### WHAT YOU SHOULD DO
The answer must be an exact reprint of the lines from the one with "Grilled Cheese com Picles" through the final line of the data, with no pictures included.

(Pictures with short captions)
++++++

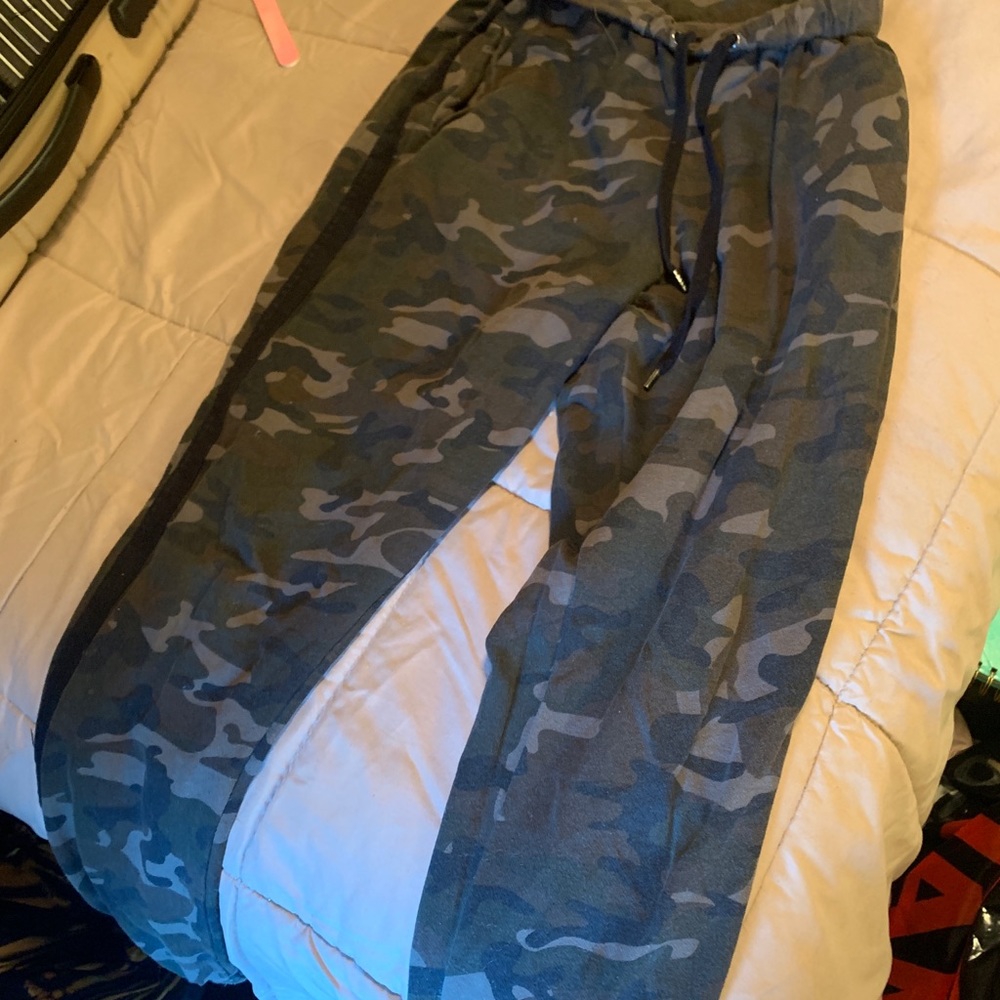 Camo sweats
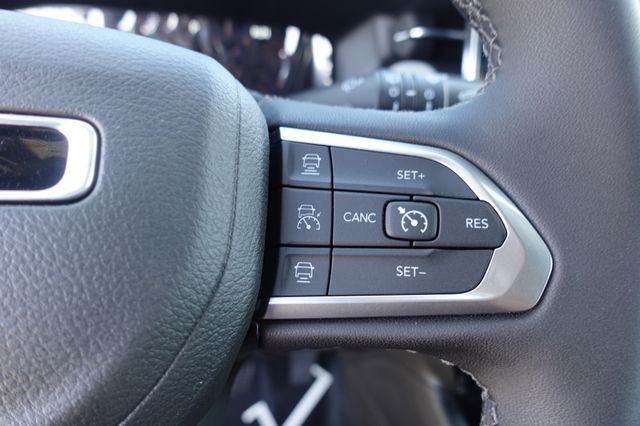 new 2025 Jeep Compass car, priced at $37,785
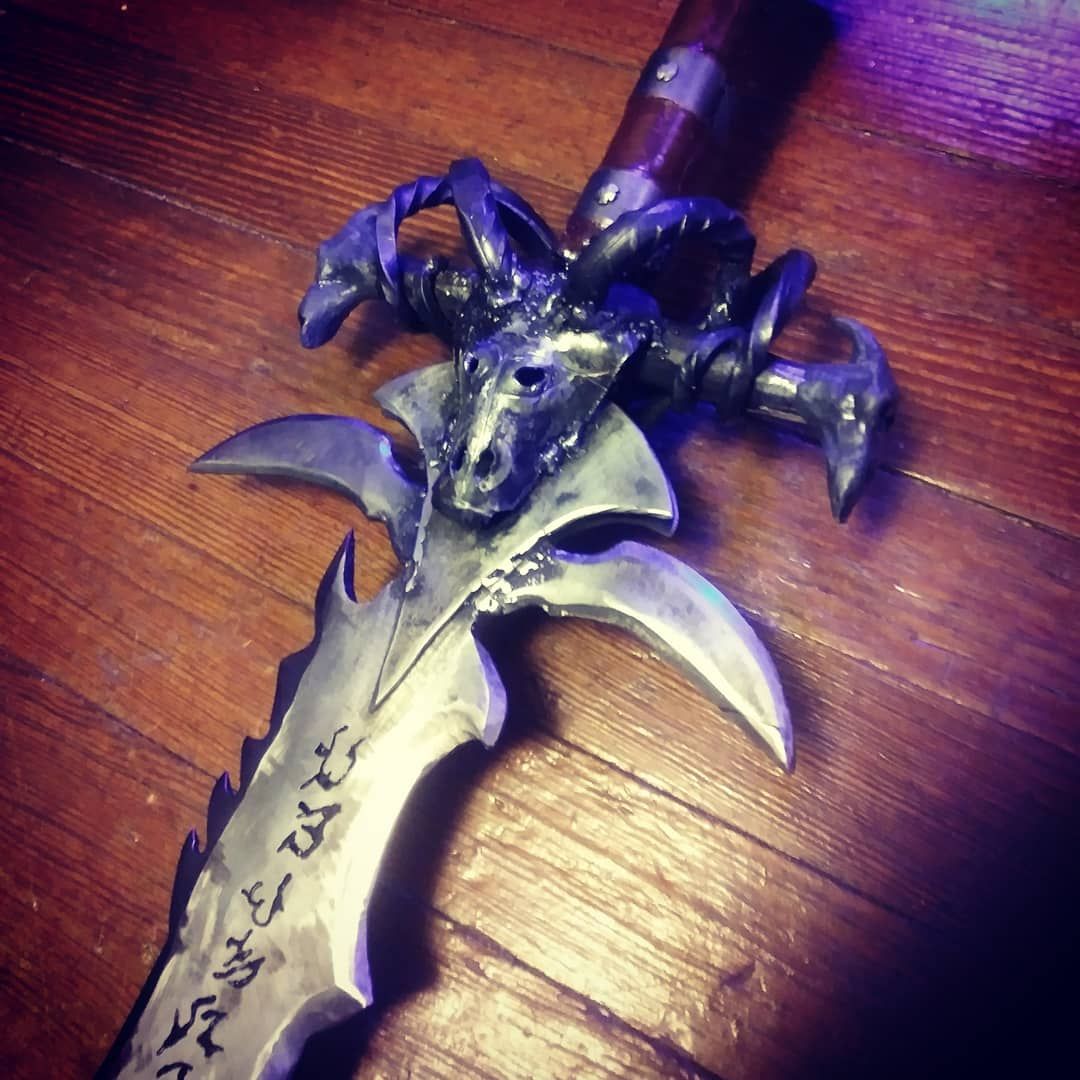Отец выковал и подарил сыну меч Короля-лича. Источник: reddit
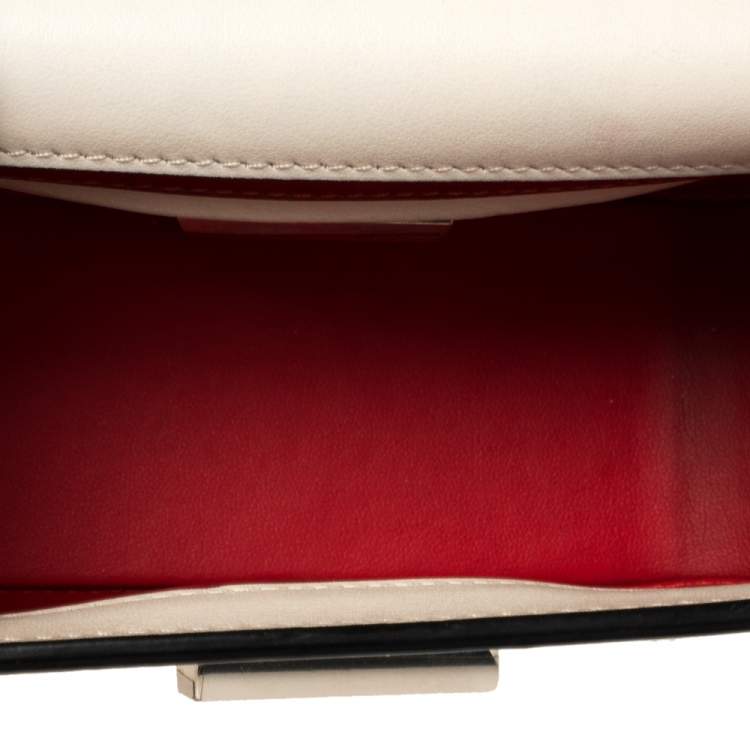 مملوكة مسبقًا Christian Louboutin Ivory Leather Mini Sweet Charity Pearl Crossbody Bag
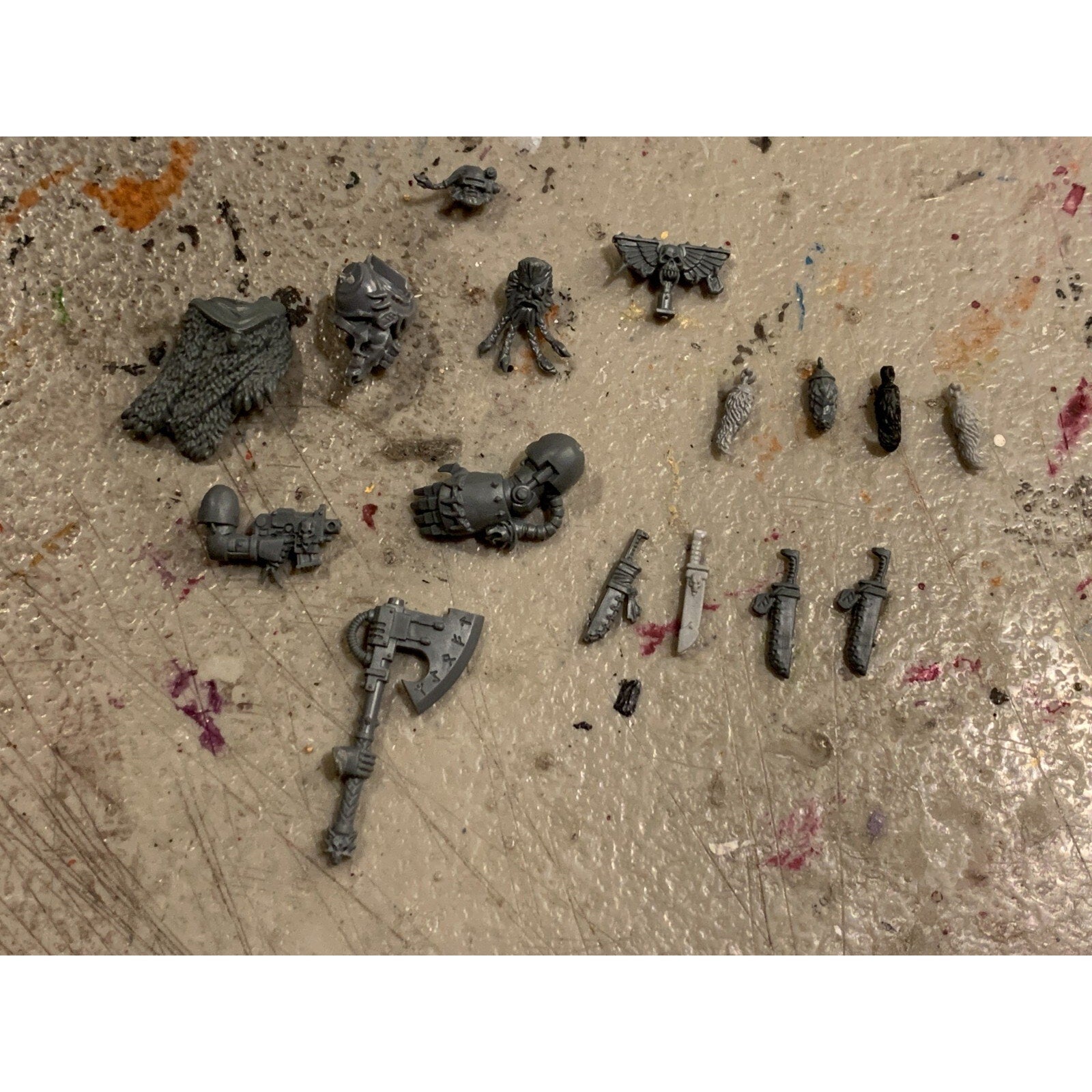 A23191 WARHAMMER 40K SPACE MARINES BITS LOT SPACE WOLVES TAILS AXE KNIVES HEAD
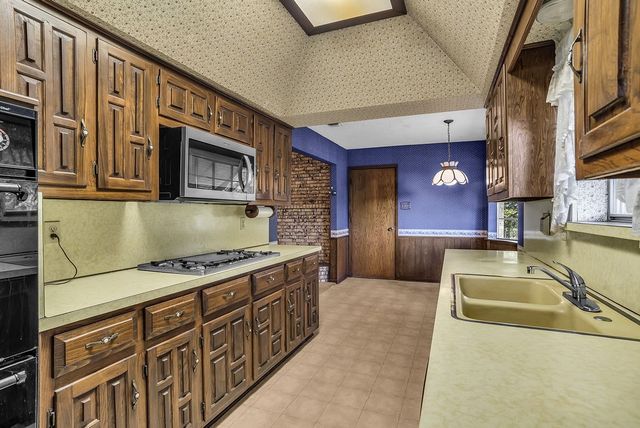 308 E Lanett Drive, Desoto, TX 75115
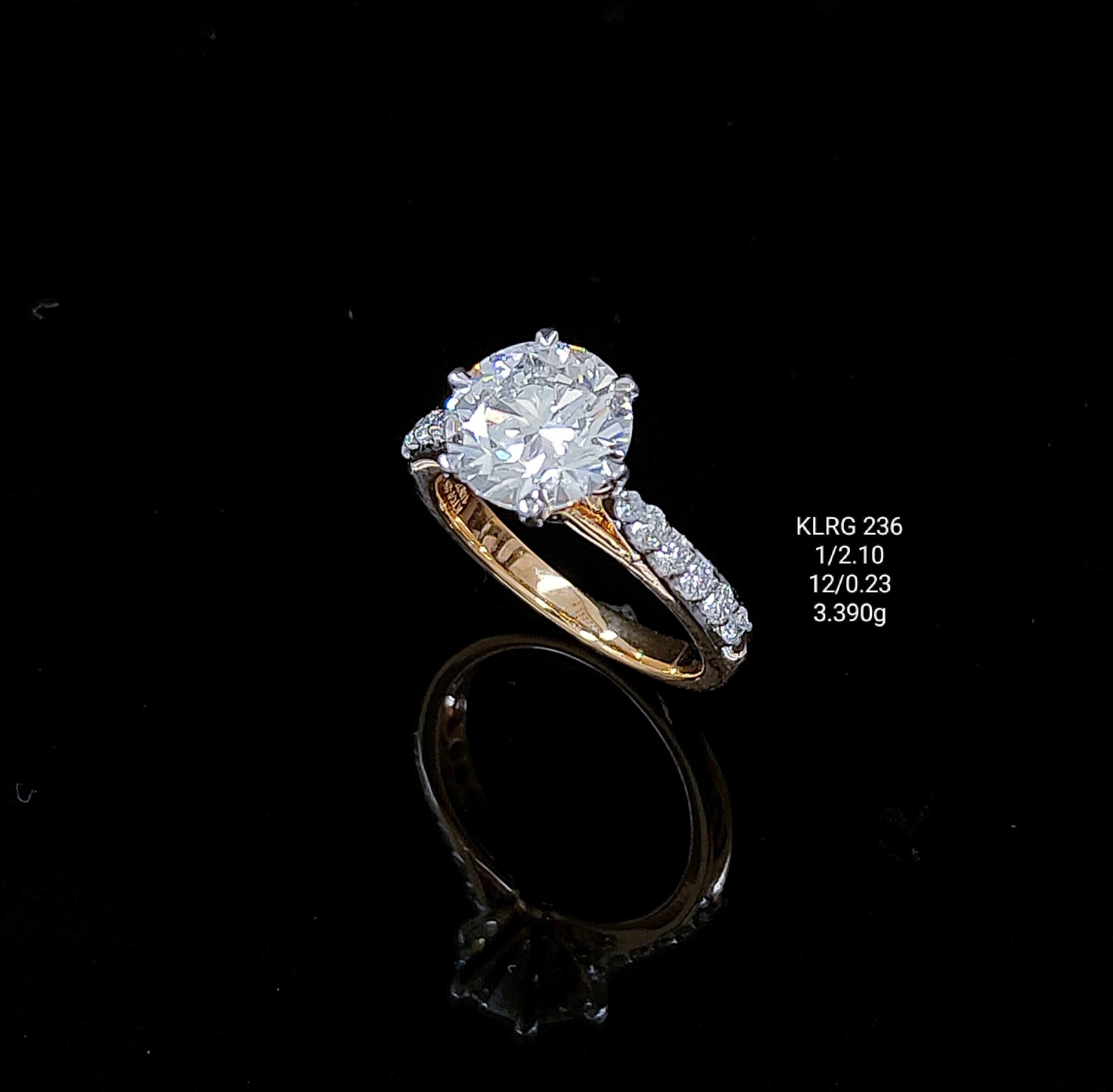5.67Ct RING solitaire diamonds 18K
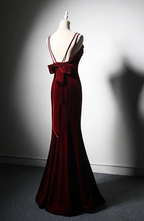 Elegant Burgundy Spaghetti Straps Velvet Mermaid Prom Dress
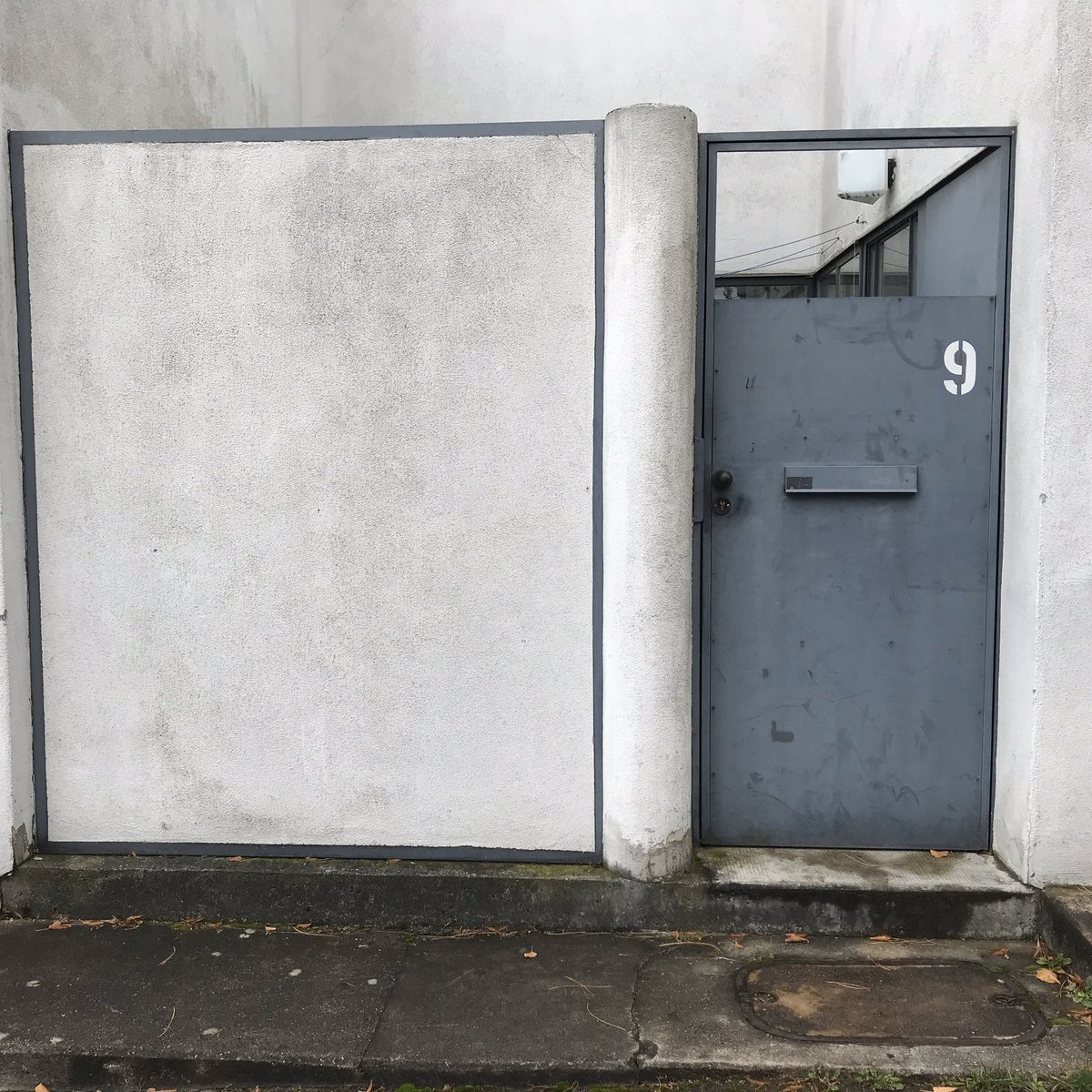 esdert's tweet photo. De woningen van J.J.P. Oud in de Weissenhofsiedlung in Stuttgart vandaag. #destijl #ludwigmiesvanderrohe #lecorbusier #martstam #deutschewerkbund #nieuwebouwen #jjpoud https://t.co/Rx1RYmks46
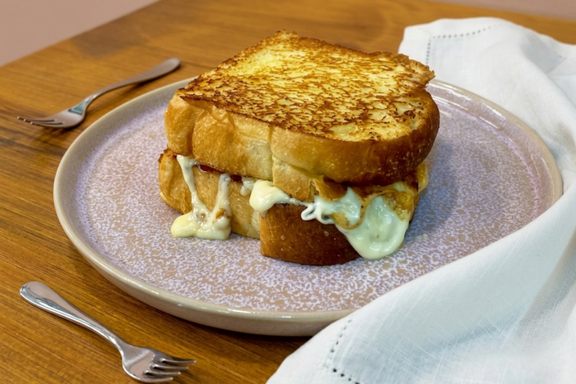 Grilled Cheese com Picles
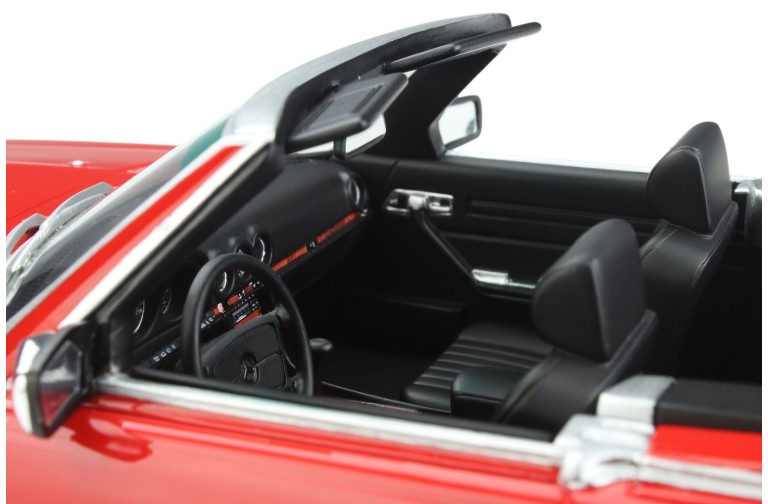 Mercedes-Benz R107 500 SL AMG Signal Red 568 1986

++++++

### TASK SOLUTION
 Grilled Cheese com Picles
 Mercedes-Benz R107 500 SL AMG Signal Red 568 1986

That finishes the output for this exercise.